Cone calorimeter experimental MLR recordings (black lines) vs FDS predicted MLR (red line) (Color figure online)

Conclusion

Preliminary findings into an investigation of recent hypotheses, related to redox reactions between aluminum alloy facings and water vapor contributing to high-rise building façade fires, are reported. An ad hoc experimental procedure, as well as numerical analysis, was required for the study, as no published methodology, or test standard, could be sourced that directly relates to the scenario in question.

The application of an inverse modeling framework, using FDS, allowed for determination of the effects of water spray on ACM PE samples, during cone calorimeter experiments at 50 kW/m2 surface irradiance, which appear to be thermomechanical in nature; water spray enhanced degradation of the outer aluminum facing, resulting in exposure of a larger surface area of combustible core material. The dominant failure mechanism assumed is thermal shock.

A close agreement between experimental values and numerical computations was found for fuel generation and heat release rates of ACM PE samples, validating the fuel composition and inverse modeling technique adopted.

For the sample exposed to water spray, an increase of 165% in pHRR and 20% for total energy release was observed (Table 2), with visibly enhanced material degradation of the outer aluminium-alloy facing (Fig. 5).

Visibly enhanced material degradation of the outer aluminum-alloy facing for sample with water spray (Fig. 5).

The average heat of combustion value recorded increased from 43.1 to 60.3 MJ/kg (Table 2). However, it is suspected that the value was inflated by either oxidation of exposed aluminum, or the hydration of CaO, resulting in mass gain, causing an imbalance in the true mass loss/total heat release calculation used to determine heat of combustion.

Initial exothermic response (Fig. 4), up to a heat release rate of 7.2 kW/m2, is observed for the sample sprayed with water. Relative to overall heat release curve, this is an insignificant value. However, resulting mechanical damage affected dynamic heat release rate.

Experimental heat release rate data for the sample exposed to water spray correlate closely with predicted values, based on ethylene-only fuel. Evidence of hydrogen causing an increase in pHRR is not supported.

In summary, the enhanced mechanical degradation observed on the aluminum facing indicates thermal shock mechanisms occurred. However, aluminum’s contribution to overall combustion of the sample, through either H2 liberation, or combustion of the metal, is found to be negligible.

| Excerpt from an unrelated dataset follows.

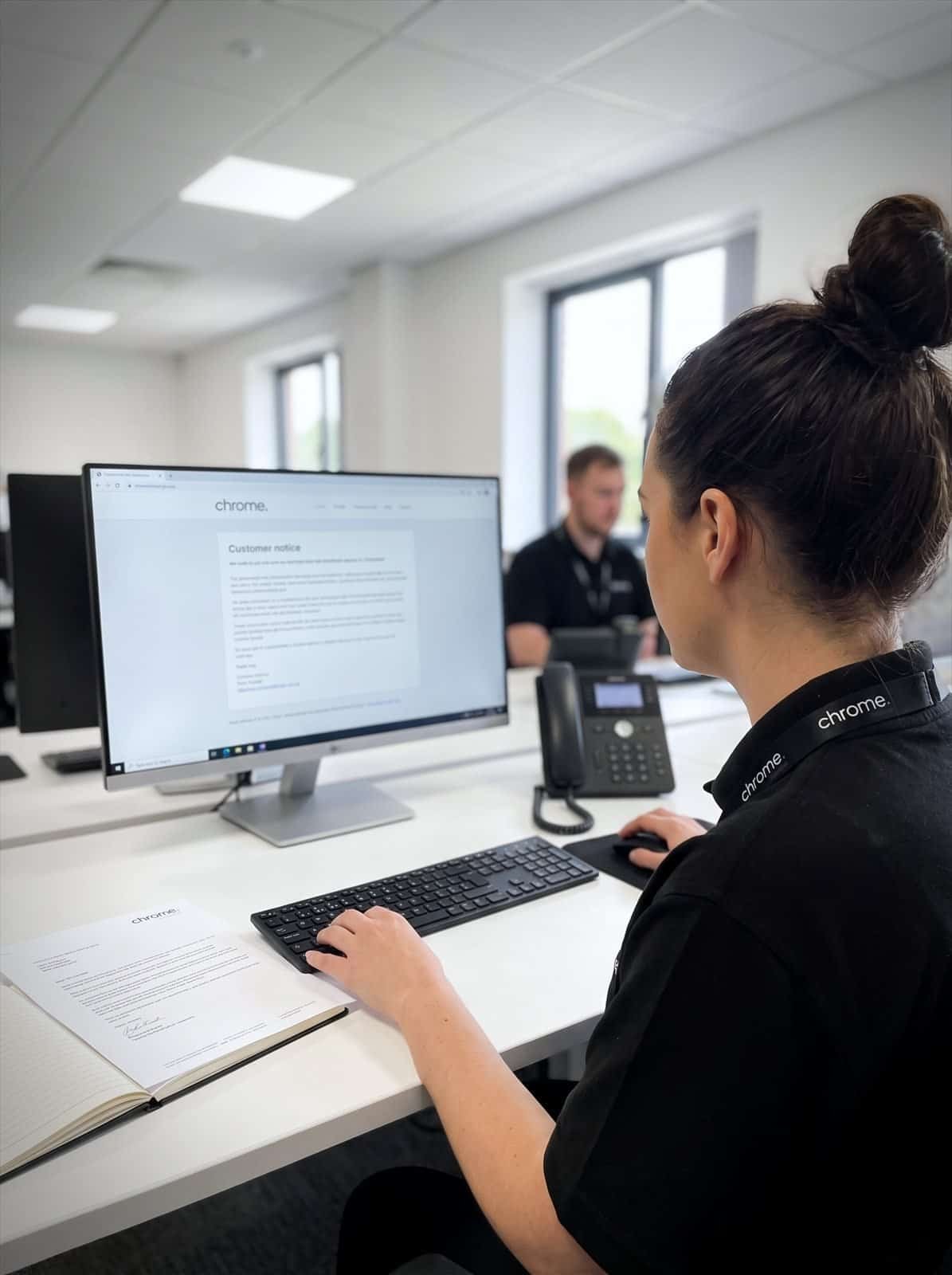 A Chrome Telecom colleague reading a customer notice at her desk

Therefore, the current findings of this study are not in agreement with the hypothesis investigated. However, further investigation is required to identify the precise mechanisms involved. It is also of interest to determine the significance of enhanced degradation of aluminum facings brought upon by environmental conditions, as well as the behavior and effects of CaCO3 used as a filler for PE blends. This will assist in developing the current understanding and dynamic time-dependent modeling of ACMs behavior during façade fires, highlighting the potential for unforeseen hazards.